Berdinazar Hudaynazarov (1927-): 1927 yılında Aşkabat’ta doğan ve erken yaşta iş hayatına atılarak değişik gazete ve dergilerde çalışan Hudaynazarov, Karakum kanalının yapımı oluşturulan komisyonda da çalışır. Yazdığı başarılı şiirleri ile Mağtımgulı ödülünü kazanan şairin eserleri; Gızğın Sahraa “Sıcak Çöl” (1957), Aadam Hakında Aydım “İnsan Hakkında Türkü” (1964), Durmuş Seni Söyyaarin “Hayat Seni Seviyorum” (1966), Dövrün Depesindaaki Aadam “Devrin Tepesindeki Adam” (1967), Buysançlı Baş “Gururlu Baş” (1975), Ene Süydi “Anne Sütü” (1978) ve Buu Dünye “Bu Dünya” (1990)’dır.
1950-1960’lı yıllarda Türkmen edebiyatı yeni yazar ve şairlerin katılmasıyla şiir, dram ve diğer mensur eserler alanında zenginleşmiştir. Bu yıllarda Türkmen milli edebiyatının gelişmesinde önemli katkıları bulunan tecrübeli yazarların yanına genç yazar ve şairlerin katılmasıyla Türkmen edebiyatında sanat değeri daha yüksek eserler ortaya çıkmıştır. Bu genç yazarlardan B. Hudaynazarov, Gızgın Sehra “Sıcak Sahra” ve Göreş Meydanı “Savaş Meydanı”; K. Gurbannepesov, Taymaz Baba ve Gumdan Yapılan Yürek, Ata ve Oğul ve Acı Günler, Süyci Günler gibi eserlerle Türkmen edebiyatına katkıda bulunmuşlardır. Keza M. Seyidov, A. Hayıdov, İ. Nurıev, G. Ezizov, A. Agabaev ve K. Kulıev gibi genç şair ve yazarlar da bu yıllarda ortaya koydukları eserler ile gelecek adına ümit vermişlerdir. Bu genç yazarlardan B. Hudaynazarov, şiirlerinin yanı sıra mensur eserlerinde dahi lirizmi ön planda tutmuş olmasıyla, K. Gurbannepesov halk hikâyeleri tarzında yazdığı hikâyelerle, M. Seyidov şiirlerindeki felsefî derinlikle, G. Ezizov ise Rus ve Avrupa klasik şiirinin kurallarını Türkmen şiirine yansıtmasıyla tebarüz etmiştir. Diğer taraftan B. Kerbabaev, G. Gurbansehedov, N. Pomma, A. Atacanov, A. Kovusov, G. Seyitliev, Ç. Aşırov gibi tecrübeli yazar ve şairler de bu yıllarda eserler vermeye devam etmişlerdir.

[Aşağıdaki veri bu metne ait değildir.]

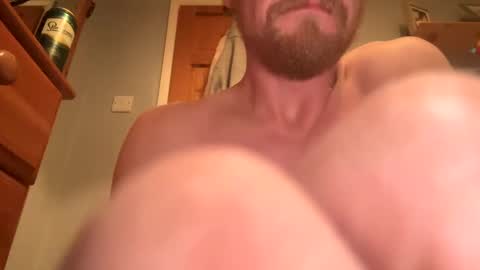 lukeeeeey96 online show from December 4, 2024, 4:10 am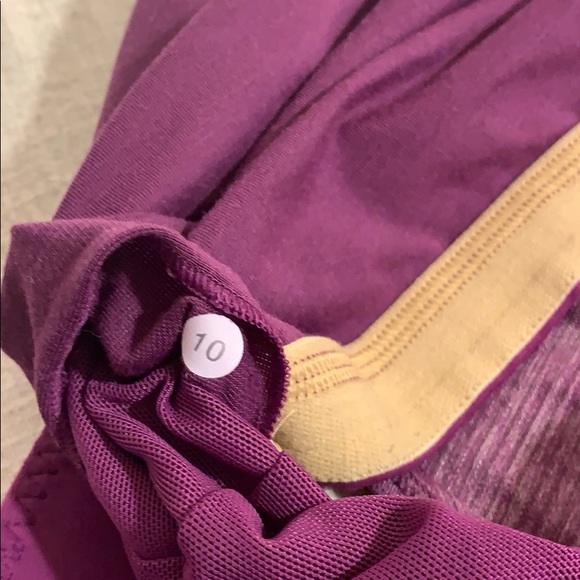 Lululemon - Tank Top - Picture 5 of 6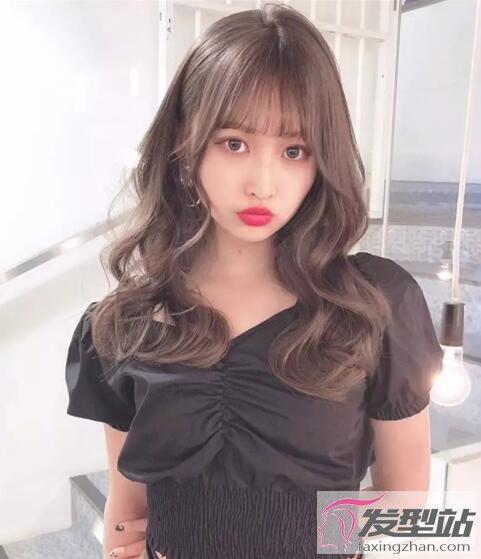 今年流行什么染发颜色 日系发色搭配卷发又美又仙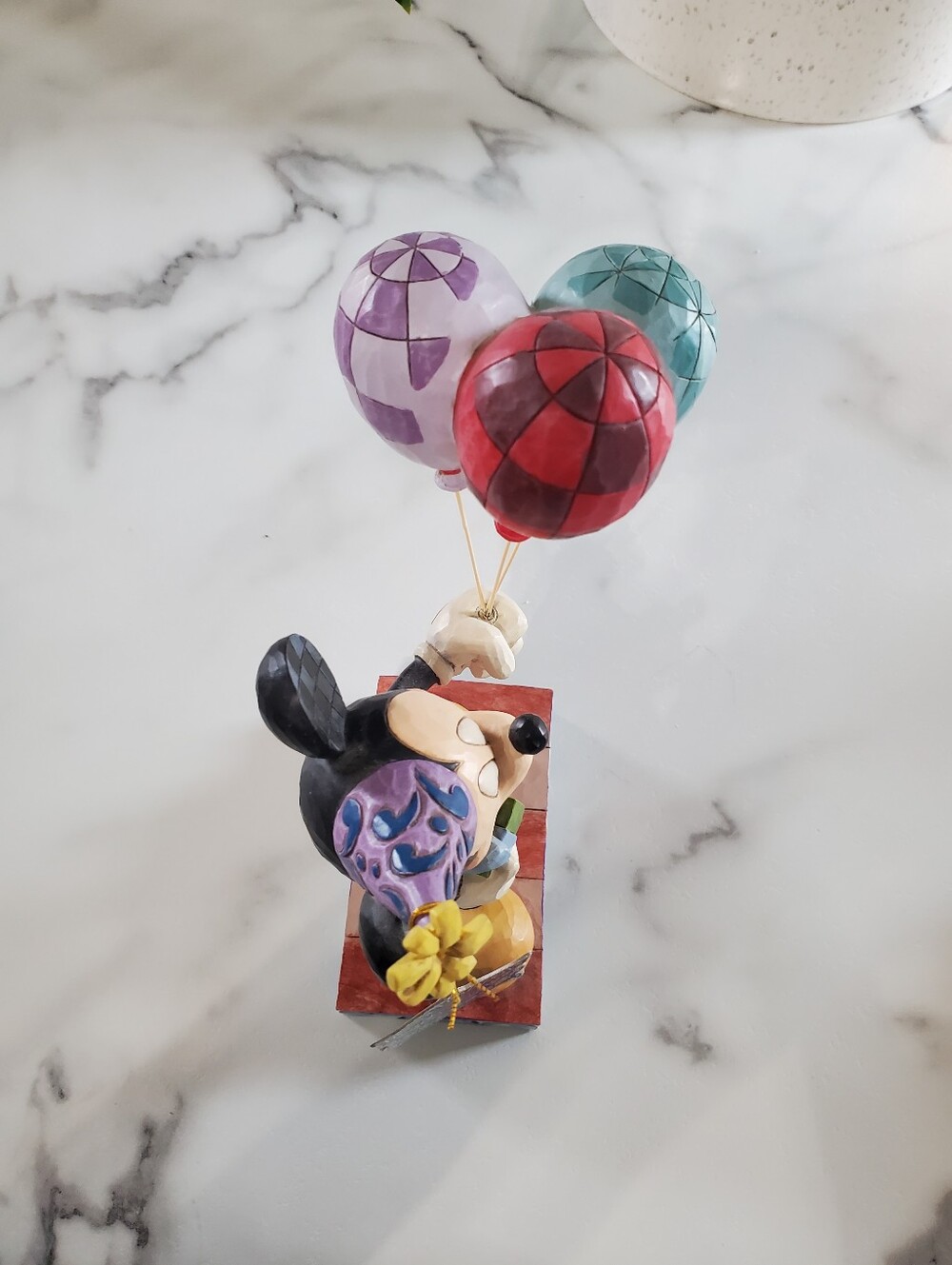 Mickey Mouse Cheerful Celebration Figurine - Picture 5 of 16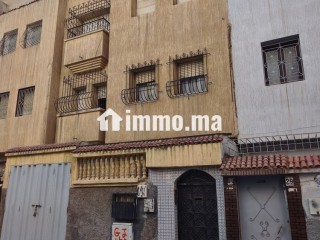 Maison sur 3 étages avec garage voiture - Maison à vendre - Casablanca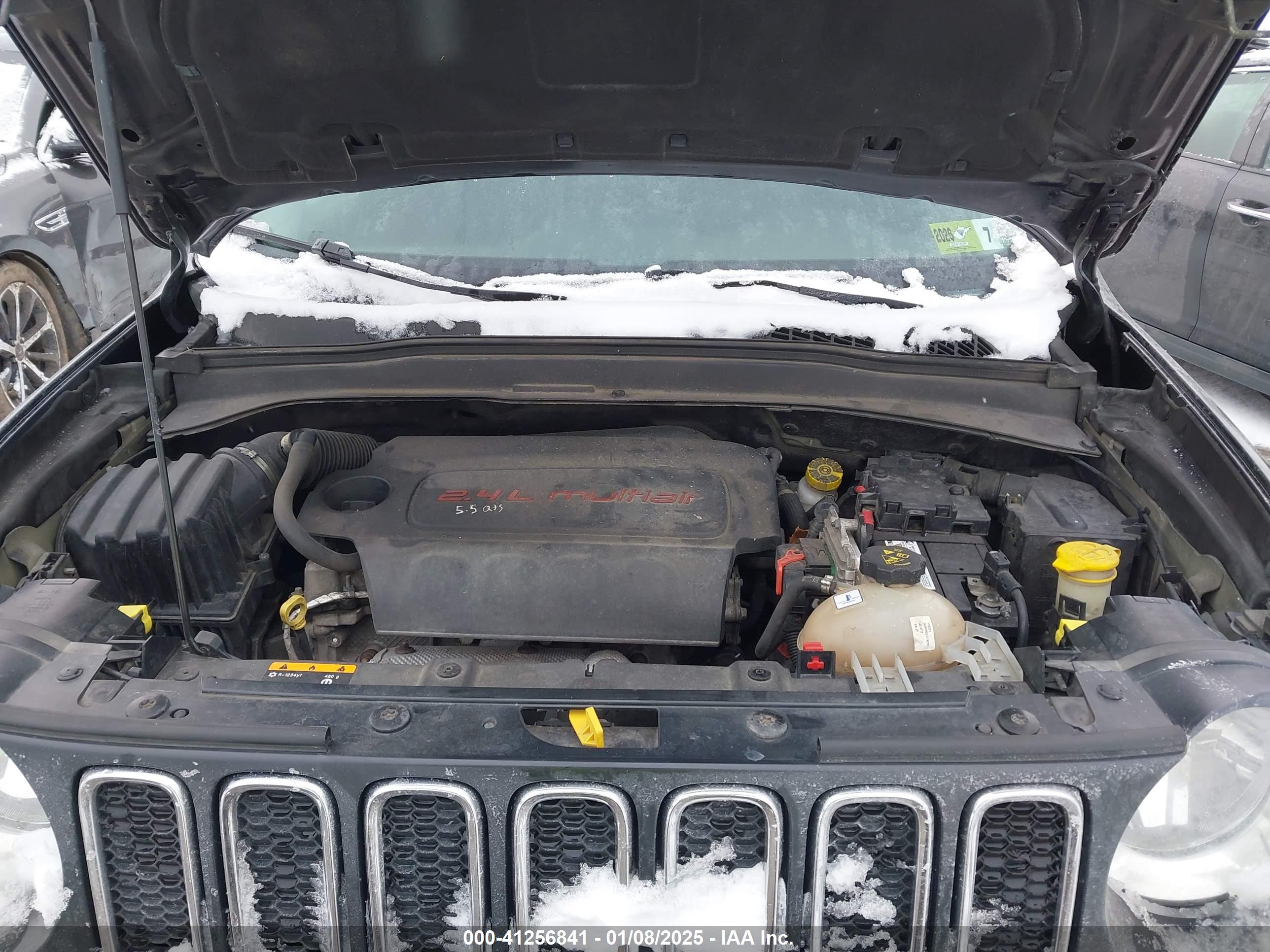 JEEP RENEGADE image 10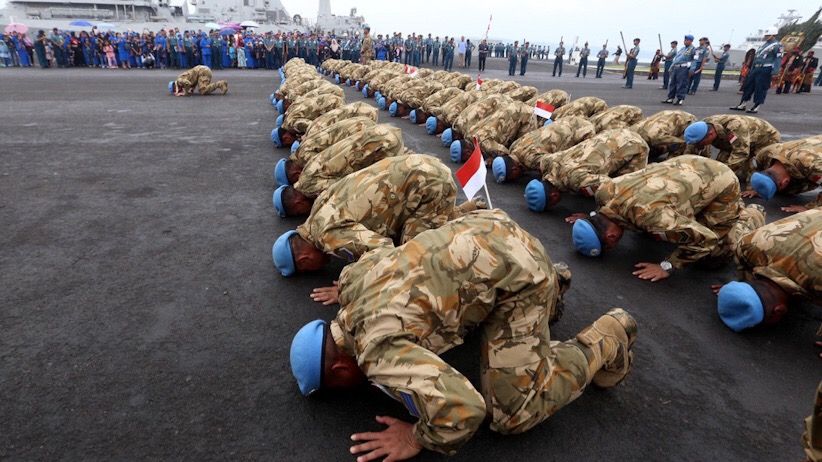 KRI Usman Harun-359 Bawa Pasukan Perdamaian PBB Tiba di Koarmada II - Bagian 2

1950-1960’lı yıllarda dram ve çocuk edebiyatı da gelişme göstermiştir. G. Muhtarov’un Otuzıncı Yıllar, N. Geldiev’in TagınPank, T. Taganov’un Guyruksız Tilki, O. Akmemedov’un Yalangaç Adamlar adlı piyesleri bu yıllarda yazılmıştır. Sonuç olarak Türkmen edebiyatı, Türkmenlerin uzun süren çalkantılı yıllarının ardından 1950- 1960’lı yıllarda kendi mecrasında ilerleyebilen bir karakter kazanmış, şiirde ve mensur eserler türünde estetik ve sanat kaygısı da güdülerek gelişme gösteren bir karakter kazanmıştır.